Da qui la richiesta al Tar di “nominare un commissario ad acta, che provveda in luogo dell’inadempiente Regione, al compimento degli atti necessari a dare esecuzione alla sentenza”.

A quantificare il danno, la perizia del 21 gennaio affidata dalla Santa Croce all’architetto Francesco Di Turi.

Dalla sua analisi, la somma complessiva ammonta 3 milioni e 554.276 euro.
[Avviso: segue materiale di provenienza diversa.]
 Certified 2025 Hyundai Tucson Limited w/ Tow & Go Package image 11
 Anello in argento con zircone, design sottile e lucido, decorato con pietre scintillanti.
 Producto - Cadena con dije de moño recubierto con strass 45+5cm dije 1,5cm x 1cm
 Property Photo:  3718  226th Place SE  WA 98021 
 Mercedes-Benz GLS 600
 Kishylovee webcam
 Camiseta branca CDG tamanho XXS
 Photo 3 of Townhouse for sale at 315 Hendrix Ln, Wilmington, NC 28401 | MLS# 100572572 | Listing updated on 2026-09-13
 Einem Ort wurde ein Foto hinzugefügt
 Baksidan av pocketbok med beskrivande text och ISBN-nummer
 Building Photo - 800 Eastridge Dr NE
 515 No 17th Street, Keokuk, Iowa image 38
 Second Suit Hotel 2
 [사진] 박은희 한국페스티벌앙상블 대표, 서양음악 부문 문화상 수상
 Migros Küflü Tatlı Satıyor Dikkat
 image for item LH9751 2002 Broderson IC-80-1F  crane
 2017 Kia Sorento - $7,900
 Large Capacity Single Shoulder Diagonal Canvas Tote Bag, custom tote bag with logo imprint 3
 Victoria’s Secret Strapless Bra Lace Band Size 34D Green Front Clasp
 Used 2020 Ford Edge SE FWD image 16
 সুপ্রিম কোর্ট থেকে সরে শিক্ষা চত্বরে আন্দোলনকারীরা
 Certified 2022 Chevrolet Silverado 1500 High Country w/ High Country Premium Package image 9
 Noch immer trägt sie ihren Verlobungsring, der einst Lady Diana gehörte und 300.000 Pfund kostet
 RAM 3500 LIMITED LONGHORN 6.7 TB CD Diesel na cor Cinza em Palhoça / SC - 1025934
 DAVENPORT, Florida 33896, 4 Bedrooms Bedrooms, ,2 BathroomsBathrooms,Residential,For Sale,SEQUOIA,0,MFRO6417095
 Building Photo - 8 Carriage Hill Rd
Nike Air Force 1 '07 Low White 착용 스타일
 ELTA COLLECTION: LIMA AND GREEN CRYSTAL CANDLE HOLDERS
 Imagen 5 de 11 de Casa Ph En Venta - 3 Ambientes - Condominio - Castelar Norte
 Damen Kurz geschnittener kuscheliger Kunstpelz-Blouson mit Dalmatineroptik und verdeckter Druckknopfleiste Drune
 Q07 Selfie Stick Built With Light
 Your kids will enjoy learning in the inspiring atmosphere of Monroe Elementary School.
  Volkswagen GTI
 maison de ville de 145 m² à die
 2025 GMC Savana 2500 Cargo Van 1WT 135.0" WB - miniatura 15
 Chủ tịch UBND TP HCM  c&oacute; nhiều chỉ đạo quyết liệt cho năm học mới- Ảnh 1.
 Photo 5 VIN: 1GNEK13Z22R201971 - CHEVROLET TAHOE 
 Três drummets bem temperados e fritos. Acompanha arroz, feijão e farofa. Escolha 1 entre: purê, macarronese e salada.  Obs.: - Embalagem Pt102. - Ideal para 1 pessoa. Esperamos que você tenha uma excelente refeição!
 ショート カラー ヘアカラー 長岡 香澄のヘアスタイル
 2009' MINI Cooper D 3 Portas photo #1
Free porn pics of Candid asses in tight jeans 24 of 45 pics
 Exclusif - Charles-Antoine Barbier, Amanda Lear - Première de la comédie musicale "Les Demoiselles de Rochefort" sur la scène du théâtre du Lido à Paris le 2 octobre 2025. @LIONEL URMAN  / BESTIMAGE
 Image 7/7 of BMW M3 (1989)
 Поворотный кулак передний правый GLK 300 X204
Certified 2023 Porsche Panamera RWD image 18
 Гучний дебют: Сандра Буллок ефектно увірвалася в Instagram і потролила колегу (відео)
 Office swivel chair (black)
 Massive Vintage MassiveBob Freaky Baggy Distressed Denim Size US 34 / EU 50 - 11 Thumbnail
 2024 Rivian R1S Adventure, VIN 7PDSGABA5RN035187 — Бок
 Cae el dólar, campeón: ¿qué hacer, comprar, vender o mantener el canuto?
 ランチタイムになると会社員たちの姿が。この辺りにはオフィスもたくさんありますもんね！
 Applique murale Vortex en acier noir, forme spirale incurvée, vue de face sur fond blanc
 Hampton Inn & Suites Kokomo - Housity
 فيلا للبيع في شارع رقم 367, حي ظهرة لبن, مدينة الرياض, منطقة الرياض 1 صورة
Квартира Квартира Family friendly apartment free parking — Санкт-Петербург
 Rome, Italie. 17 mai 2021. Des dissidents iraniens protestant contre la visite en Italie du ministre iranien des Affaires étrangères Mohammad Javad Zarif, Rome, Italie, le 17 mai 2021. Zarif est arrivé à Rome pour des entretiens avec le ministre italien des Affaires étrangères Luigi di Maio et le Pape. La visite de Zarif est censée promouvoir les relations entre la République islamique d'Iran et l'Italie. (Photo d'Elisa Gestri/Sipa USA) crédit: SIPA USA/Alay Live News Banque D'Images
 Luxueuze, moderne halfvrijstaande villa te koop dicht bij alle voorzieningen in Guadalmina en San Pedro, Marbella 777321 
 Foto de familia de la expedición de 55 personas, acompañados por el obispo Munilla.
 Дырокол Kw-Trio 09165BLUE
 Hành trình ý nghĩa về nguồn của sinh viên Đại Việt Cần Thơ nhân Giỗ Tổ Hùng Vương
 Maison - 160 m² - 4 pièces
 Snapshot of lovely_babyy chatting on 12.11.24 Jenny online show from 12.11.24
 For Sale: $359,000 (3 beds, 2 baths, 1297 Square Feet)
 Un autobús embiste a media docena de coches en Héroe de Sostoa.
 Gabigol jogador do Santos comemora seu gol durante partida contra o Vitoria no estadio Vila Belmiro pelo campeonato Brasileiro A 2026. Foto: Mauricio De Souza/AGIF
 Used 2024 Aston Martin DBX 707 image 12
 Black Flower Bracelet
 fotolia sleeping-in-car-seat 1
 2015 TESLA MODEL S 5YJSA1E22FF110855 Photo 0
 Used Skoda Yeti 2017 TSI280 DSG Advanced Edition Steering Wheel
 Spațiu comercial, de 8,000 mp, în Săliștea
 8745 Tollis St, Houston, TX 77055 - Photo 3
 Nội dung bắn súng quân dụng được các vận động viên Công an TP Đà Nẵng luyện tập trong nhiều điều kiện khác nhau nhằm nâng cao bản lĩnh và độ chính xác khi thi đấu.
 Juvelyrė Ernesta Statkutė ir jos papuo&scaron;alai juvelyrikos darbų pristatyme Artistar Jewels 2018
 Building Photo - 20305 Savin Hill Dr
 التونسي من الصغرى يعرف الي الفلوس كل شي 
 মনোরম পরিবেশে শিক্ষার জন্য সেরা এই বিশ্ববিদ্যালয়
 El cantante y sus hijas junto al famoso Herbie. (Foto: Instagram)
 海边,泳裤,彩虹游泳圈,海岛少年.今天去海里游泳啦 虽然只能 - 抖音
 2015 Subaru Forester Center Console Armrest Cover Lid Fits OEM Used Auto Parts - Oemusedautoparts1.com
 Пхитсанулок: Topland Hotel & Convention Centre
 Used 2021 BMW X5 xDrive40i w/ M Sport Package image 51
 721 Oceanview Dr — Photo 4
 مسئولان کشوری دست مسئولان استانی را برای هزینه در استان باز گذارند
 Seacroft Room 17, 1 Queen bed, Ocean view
Di essi 2 milioni e 5.397 euro, rappresentano la perdita di fatturato, calcolato sulla media delle vendite dell’anno precedente, e presumendo che la società avrebbe venduto l’intera quantità prodotta. La capacità di prelievo della concessione Fiuggino è di un litro al secondo, pertanto la società non ha potuto imbottigliare quasi 8.000.000 di litri di acqua minerale.

Ci sono poi i minori margini derivanti dalla perdita di avviamento nelle relazioni con la clientela in 1.403.534 euro.

La perizia calcola infatti la perdita di 287 clienti nel periodo di sospensione, con un fatturato medio ciascuno di 12.032 euro: cifre che vanno moltiplicate per gli anni di accordo di fornitura. Infine la minore capacità di attrazione di nuovi clienti viene calcolata in 145.345 euro.